Data supplied -
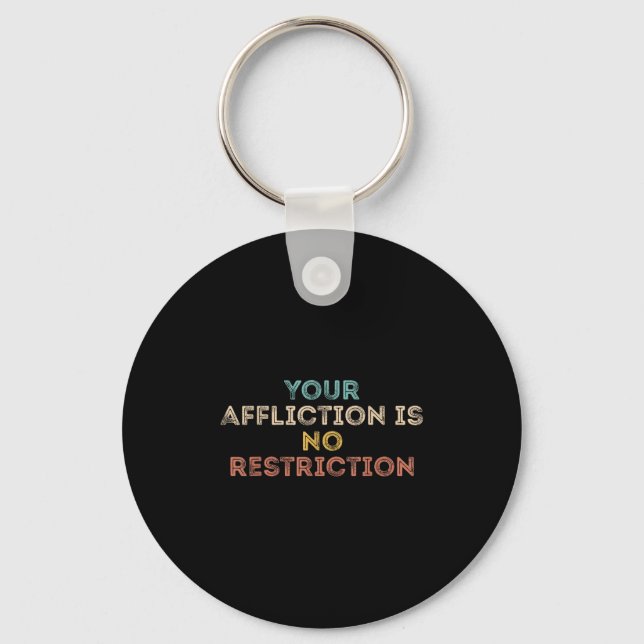 Your Affliction Is No Restriction Funny Motivation Key Ring (Front)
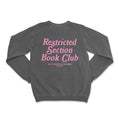 Load image into Gallery viewer, Restricted Section Book Club Sweatshirt
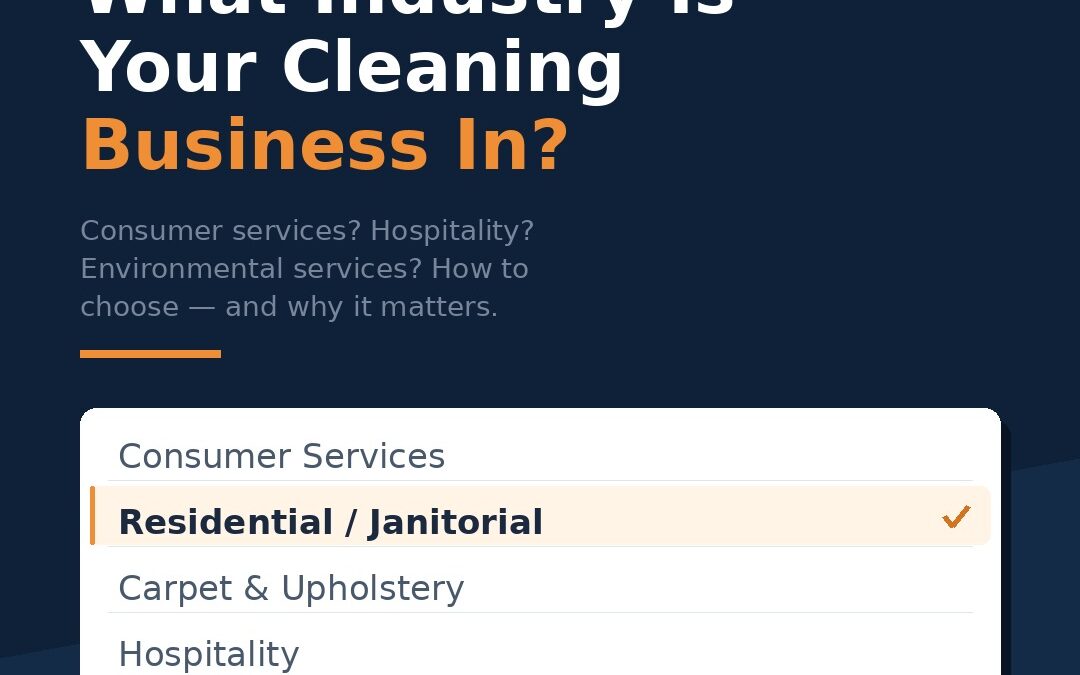 “What Industry Are You In?” — How Home Cleaning Owners Should Answer That Dropdown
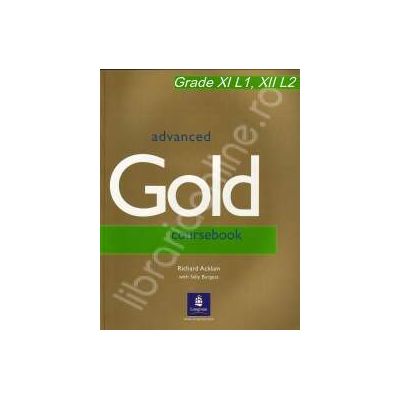 Advanced Gold.Manual Clasa a XI-a L1, XII L2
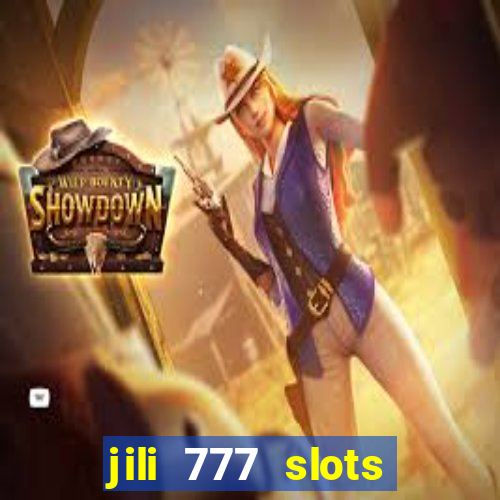 jili 777 slots lucky spin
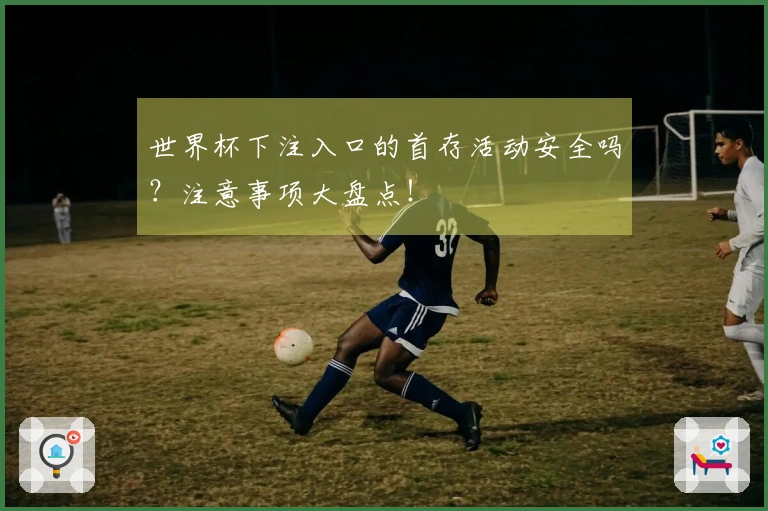 世界杯下注入口的首存活动安全吗？注意事项大盘点！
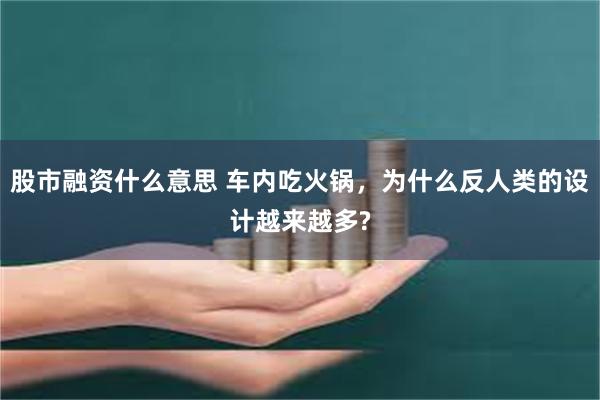 股市融资什么意思 车内吃火锅，为什么反人类的设计越来越多?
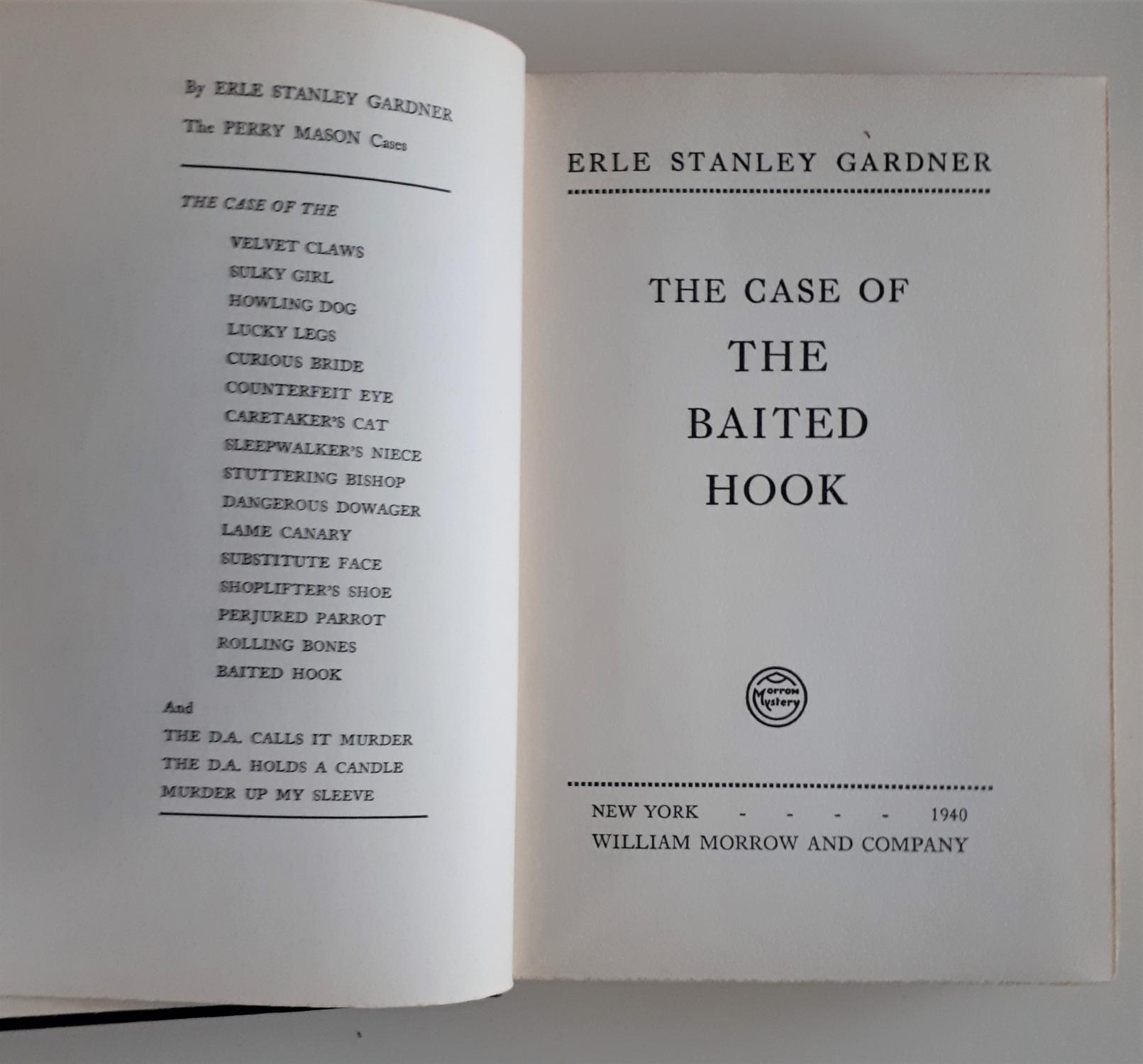 The case of the baited hook by Erle Stanley Gardner: Very Good Hardcover  (1940) 1st Edition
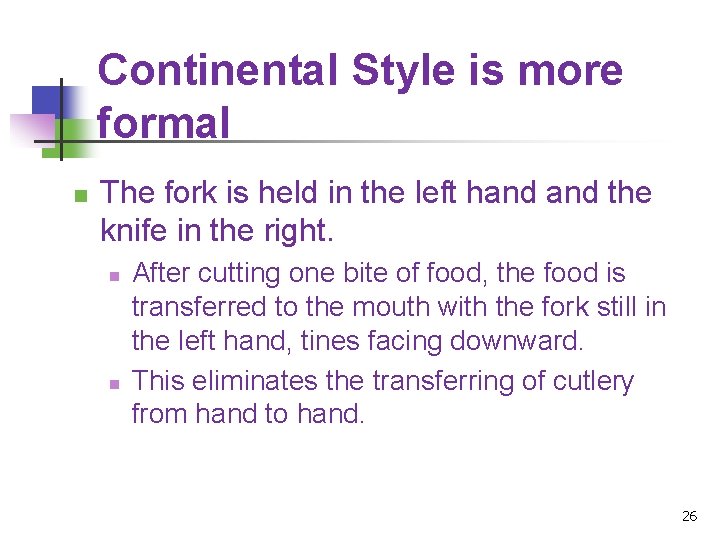 Continental Style is more formal n The fork is held in the left hand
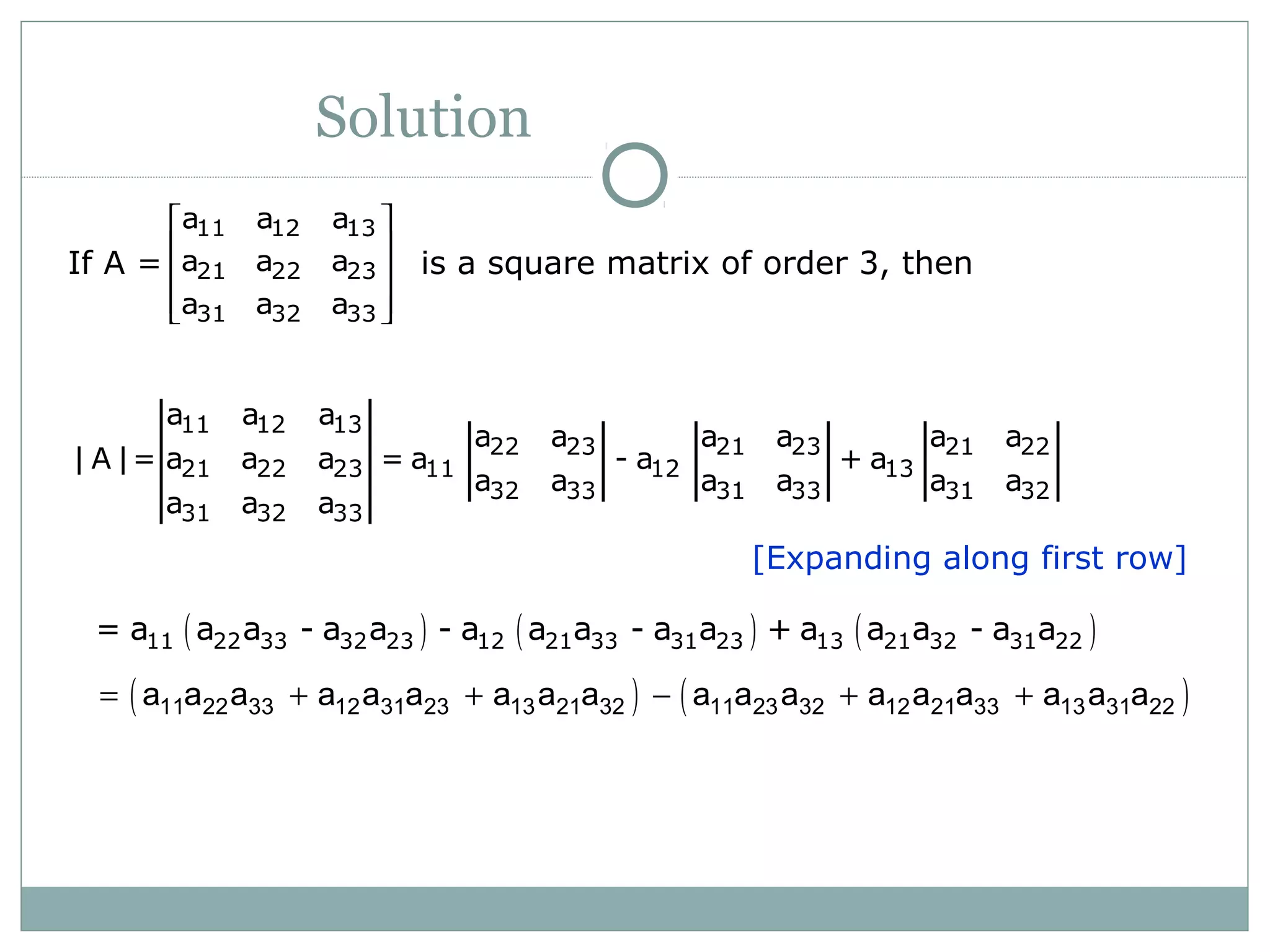 Solution
If A = is a square matrix of order 3, then
11 12 13
21 22 23
31 32 33
a a a
a a a
a a a
 
 
 
  
[Expanding along first row]
11 12 13
22 23 21 23 21 22
21 22 23 11 12 13
32 33 31 33 31 32
31 32 33
a a a
a a a a a a
| A |= a a a = a - a + a
a a a a a a
a a a
( ) ( ) ( )11 22 33 32 23 12 21 33 31 23 13 21 32 31 22= a a a - a a - a a a - a a + a a a - a a
( ) ( )11 22 33 12 31 23 13 21 32 11 23 32 12 21 33 13 31 22a a a a a a a a a a a a a a a a a a= + + − + +
 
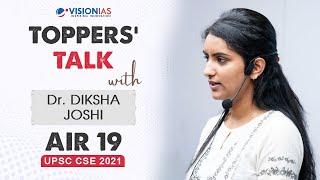 Toppers' Talk by Dr Diksha Joshi, AIR 19, UPSC CSE 2021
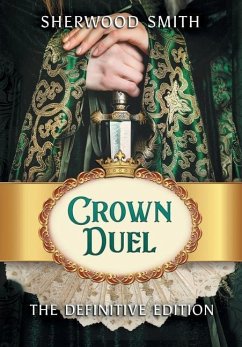 Crown Duel - Smith, Sherwood
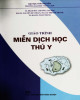 Giáo trình Miễn dịch học thú y: Phần 1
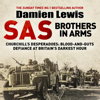 SAS Brothers in Arms: Churchill's Desperadoes: Blood-and-Guts Defiance at Britain's Darkest Hour (Unabridged) - Damien Lewis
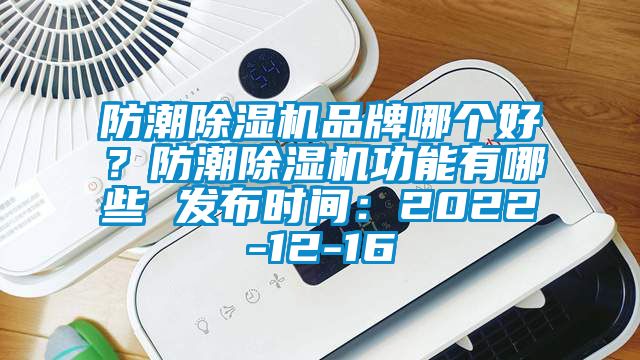 防潮除濕機品牌哪個好？防潮除濕機功能有哪些 發布時間：2022-12-16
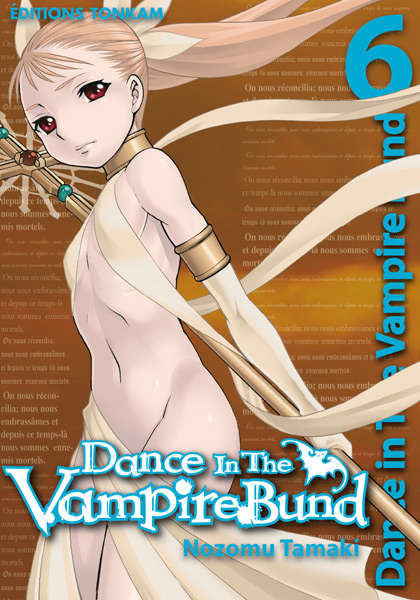 Dance in the Vampire Bund - Volume 6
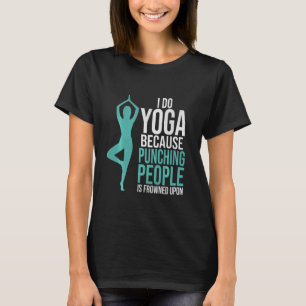 T-shirt Faire du Yoga parce que frapper les gens est mal v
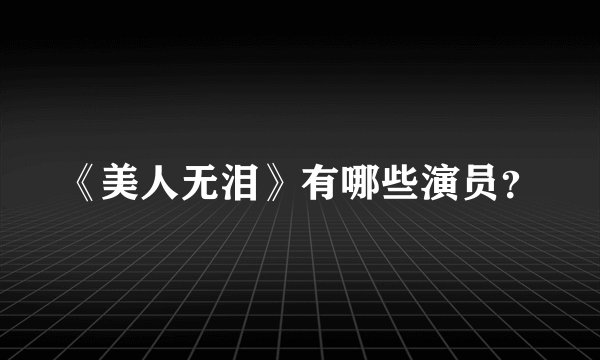 《美人无泪》有哪些演员？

Directions - Respond with the exact lines above running from the one containing "Load image into" to the one containing "世界杯下注入口的首存活动安全吗？注意事项大盘点！", both ends kept and no pictures included.

Exercise result -
 Load image into Gallery viewer, Restricted Section Book Club Sweatshirt
 “What Industry Are You In?” — How Home Cleaning Owners Should Answer That Dropdown
 Advanced Gold.Manual Clasa a XI-a L1, XII L2
 jili 777 slots lucky spin
 世界杯下注入口的首存活动安全吗？注意事项大盘点！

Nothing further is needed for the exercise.